— BRIEF —
Omitting all images, transcribe the listing word for word.

— SUPPLIED DATA —
—————
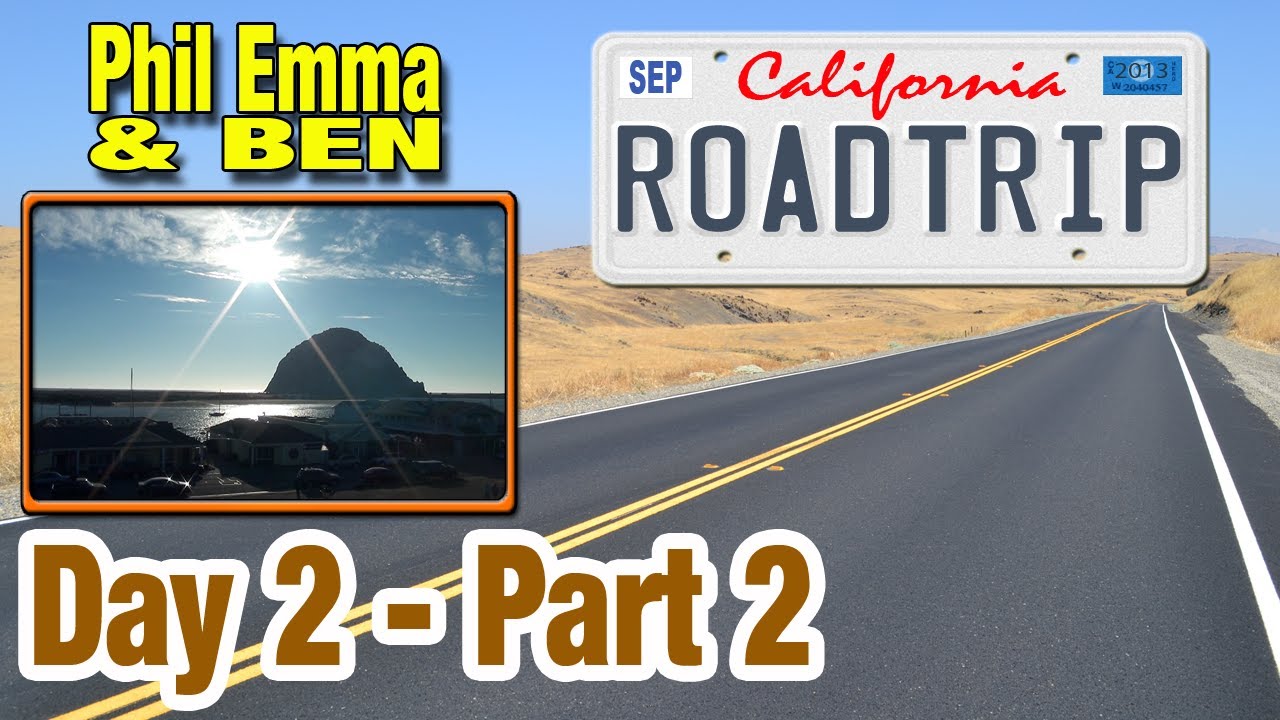 California Road Trip 2013 - Day 2 - (2 of 2) - Morro Bay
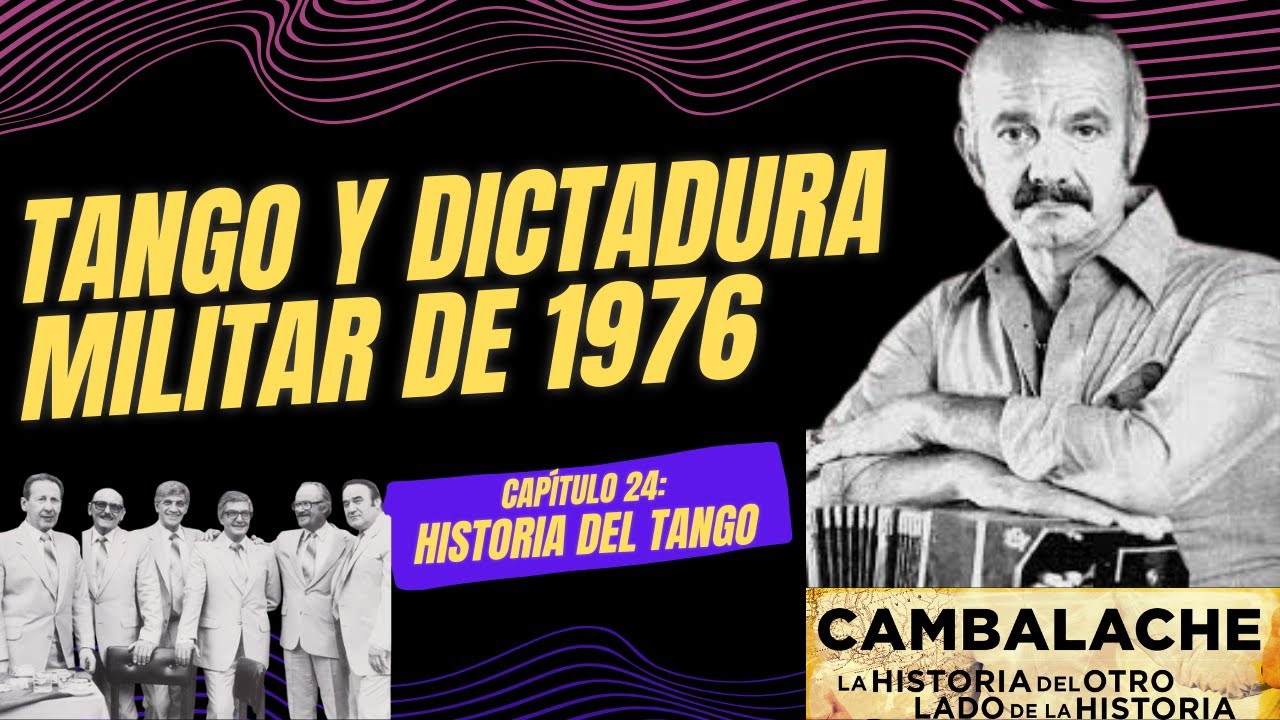 HISTORIA DEL TANGO Y LA ARGENTINA. Ep 24:  Tango y Dictadura militar (1976-1983)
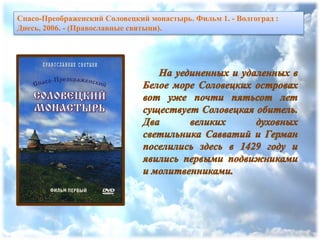 Спасо-Преображенский Соловецкий монастырь. Фильм 1. - Волгоград :
Днесь, 2006. - (Православные святыни).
—————
— ANSWER FOR THIS EXERCISE —
 California Road Trip 2013 - Day 2 - (2 of 2) - Morro Bay
 HISTORIA DEL TANGO Y LA ARGENTINA. Ep 24:  Tango y Dictadura militar (1976-1983)
 Спасо-Преображенский Соловецкий монастырь. Фильм 1. - Волгоград :
Днесь, 2006. - (Православные святыни).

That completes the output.